Stress is bad. If you’re like most people, you stress out about having too much stress in your life because you know how terrible stress is for your health. What if we told you that the negative health impacts of stress are actually worse than we thought they were? What if we also told you with one simple trick you can adapt your response to stress and make it your friend? Check out more details in our FREE WEBINAR.
Imagine for a moment, how different your life would be if instead of worrying about the stress in your life you welcomed it.
Is there a good stress?
You may be asking: how can stress actually be a good thing? The reality is there’s a lot of research on how our bodies are actually built to process stress. Many elements of a stress reaction can be helpful if we understand how to harness them as such. You don’t have to just take our word for it.
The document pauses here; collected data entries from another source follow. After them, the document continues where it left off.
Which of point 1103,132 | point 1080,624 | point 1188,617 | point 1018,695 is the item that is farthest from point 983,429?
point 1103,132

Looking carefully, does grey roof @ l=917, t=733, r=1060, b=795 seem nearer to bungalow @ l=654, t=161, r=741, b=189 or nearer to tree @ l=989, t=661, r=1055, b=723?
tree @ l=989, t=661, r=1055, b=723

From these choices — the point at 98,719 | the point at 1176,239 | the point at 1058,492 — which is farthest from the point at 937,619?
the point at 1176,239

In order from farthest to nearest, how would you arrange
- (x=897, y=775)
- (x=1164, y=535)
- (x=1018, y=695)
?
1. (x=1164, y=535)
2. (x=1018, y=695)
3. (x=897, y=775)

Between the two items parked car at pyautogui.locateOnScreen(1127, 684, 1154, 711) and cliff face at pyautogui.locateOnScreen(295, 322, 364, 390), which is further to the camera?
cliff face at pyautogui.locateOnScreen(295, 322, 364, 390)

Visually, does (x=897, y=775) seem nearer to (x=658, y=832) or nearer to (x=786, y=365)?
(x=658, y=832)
Watch this Ted Talk on stress where psychologist Kelly McGonigal breaks down how we’re equipped to positively utilize stress in our life.
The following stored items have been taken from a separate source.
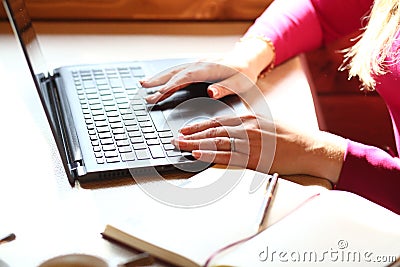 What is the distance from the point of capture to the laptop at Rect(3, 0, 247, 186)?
0.98 m

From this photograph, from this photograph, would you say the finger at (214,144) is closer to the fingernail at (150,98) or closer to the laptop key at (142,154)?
the laptop key at (142,154)

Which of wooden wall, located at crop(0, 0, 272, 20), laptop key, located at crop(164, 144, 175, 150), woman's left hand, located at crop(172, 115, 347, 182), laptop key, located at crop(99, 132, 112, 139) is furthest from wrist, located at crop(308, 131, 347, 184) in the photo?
wooden wall, located at crop(0, 0, 272, 20)

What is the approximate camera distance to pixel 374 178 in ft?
3.51

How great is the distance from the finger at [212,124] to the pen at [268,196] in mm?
135

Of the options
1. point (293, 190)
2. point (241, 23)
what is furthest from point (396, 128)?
point (241, 23)

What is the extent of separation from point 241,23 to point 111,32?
0.31m

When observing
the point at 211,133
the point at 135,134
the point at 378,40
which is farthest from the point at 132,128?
the point at 378,40

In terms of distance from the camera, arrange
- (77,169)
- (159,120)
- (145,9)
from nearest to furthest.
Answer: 1. (77,169)
2. (159,120)
3. (145,9)

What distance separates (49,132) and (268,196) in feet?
1.29

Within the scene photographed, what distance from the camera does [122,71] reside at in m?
1.27

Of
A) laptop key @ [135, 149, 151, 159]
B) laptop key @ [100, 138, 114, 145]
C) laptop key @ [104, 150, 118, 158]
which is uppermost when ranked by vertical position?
laptop key @ [100, 138, 114, 145]

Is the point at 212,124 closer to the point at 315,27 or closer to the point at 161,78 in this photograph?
the point at 161,78

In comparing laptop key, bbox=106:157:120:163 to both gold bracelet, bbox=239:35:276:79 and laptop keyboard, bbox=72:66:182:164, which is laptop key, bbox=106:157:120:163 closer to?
laptop keyboard, bbox=72:66:182:164

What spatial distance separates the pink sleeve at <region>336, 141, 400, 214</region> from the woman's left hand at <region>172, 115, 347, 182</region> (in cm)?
2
Why is it good to have some stress?
When we break down the science behind why our body reacts to stress the way it does, we can make mindful decisions about how we process that stress. Remember that every function of your body is designed to help it thrive. Stress is a natural occurrence and therefore our body’s response to it isn’t inherently bad. The way we react
When utilized correctly, stress can actually be a good thing and provide a lightning rod for change and movement in your life. But first, you need to know how stressed you are before you try to tackle it. We designed a stress and anxiety test so you can assess your current stress and anxiety levels for free.
The Science of Stress
When your body perceives a threat, it goes into “fight or flight” mode and readies all of your systems to help you either fight off an attack or escape the situation. Here’s how your body equips itself for the stressful task or event:
- Your sympathetic nervous system jumps in and your body releases the hormones cortisol and adrenaline
- This hormone change triggers your cardiovascular system to pump your heart faster to provide more oxygen to your brain for quick decision making
- Your body calls glucose out of your liver to raise your blood sugar so you have extra energy ready to fuel your muscular responses
- Your muscular system tightens to protect your muscles from injury and to ready them for quick movements
- Your respiratory system makes you breathe faster so you can provide all of your now-overactive systems with enough oxygen
- Your endocrine system releases additional stress hormones
What can extreme stress do to your body?
Your body’s reaction to a stressor calls every single piece of you into readiness for action. Your heart races, you breathe faster, your muscles get tense. Now, it’s easy to see how living your life in this constant state of stress could cause health problems.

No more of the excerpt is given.